The UPC team built a system that resolves this tension by keeping the identity layer and the voting layer separate. The university handles who you are. The voting protocol handles what you vote. Neither side needs to trust the other blindly, because a cryptographic proof connects them without revealing personal information.
Two paths to the same goal
The proof of concept tested two integration approaches. Both share the same fundamental architecture: students identify themselves with the credentials they use on campus every day, and the voting system receives only a cryptographic proof of eligibility, not the credentials themselves.
But they differ in how the identity layer is deployed.
Phase one: integration with EBSI
The first phase aimed for full integration with the European Blockchain Services Infrastructure (EBSI), the European Commission's permissioned blockchain framework for trusted digital services. EBSI lets institutions like UPC issue verifiable credentials that students can link to a personal wallet, and then validate that those credentials belong to a specific member of the authorised group.
The student experience looked like this:
- Authenticate: The student logs in with their standard university credentials through the UPC Issuer on the EBSI network.
- Claim credentials: The Issuer generates a QR code that lets the student sign their credentials into their own wallet.
- Prove eligibility: When voting opens, the student uses their wallet to authenticate with the UPC Verifier. The Verifier checks that the wallet belongs to an authorised student and produces a census proof.
- Cast ballot: The student submits their vote through the DAVINCI SDK, with the census proof attached.
The architecture guarantees two things simultaneously: students authenticate with credentials they use every day, and those credentials never leave the institutional domain. The system proves eligibility without ever seeing the user's actual identity data.

Why this matters: EBSI is designed for cross‑border interoperability. A credential issued by UPC could, in principle, be used to vote in elections run by other institutions across Europe. That is the long‑term vision.
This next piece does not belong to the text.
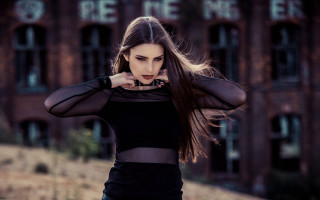 Woman longhair building sign fashion - a sign free wallpaper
What stopped it: The technical side worked. All components were implemented and validated. But the administrative approval timelines of the governing bodies behind EBSI made it impossible to finalise the integration within the project's timeframe. The technology was ready. The governance was not.
Phase two: the institutional fallback
When the EBSI timeline did not close in time, the team adapted the scope. And this is where the flexibility of the DAVINCI protocol becomes the real story.
The EBSI Issuer was replaced by a service managed directly by the UPC. The university remains fully responsible for managing student identities and preserving privacy. The protocol itself did not need architectural changes, only a different identity source.
The adapted flow:
- The student generates an ephemeral wallet through a web application.
- Logging in with their university credentials associates this wallet with their institutional identity.
- When voting opens, the wallet authenticates with the UPC Verifier, which generates the census proof.
- The student casts the vote through the DAVINCI SDK.
The difference: From the student's perspective, the experience is almost identical. From an institutional perspective, the deployment complexity is lower — no dependency on external blockchain governance. The university controls the entire identity layer directly.
What stays the same: The voting remains private, the ballots remain verifiable, and only eligible students can participate.
Why this matters for institutions that hold elections
The proof of concept demonstrates a practical spectrum. At one end, fully decentralised identity through frameworks like EBSI, with cross‑border interoperability as the prize. At the other, a simpler institutional model where the organisation manages its own identity layer. The same protocol handles both.
This matters for any institution that runs elections and manages its own census: universities, professional bodies, trade unions, public administrations. It means you can offer voters a path to participation using credentials they already have, on whichever blockchain network makes sense for your context (public L1, L2, or permissioned), without sacrificing privacy or institutional control.
The DAVINCI protocol and the DAVINCI SDK are designed to sit between identity and the ballot box, keeping them separate by design.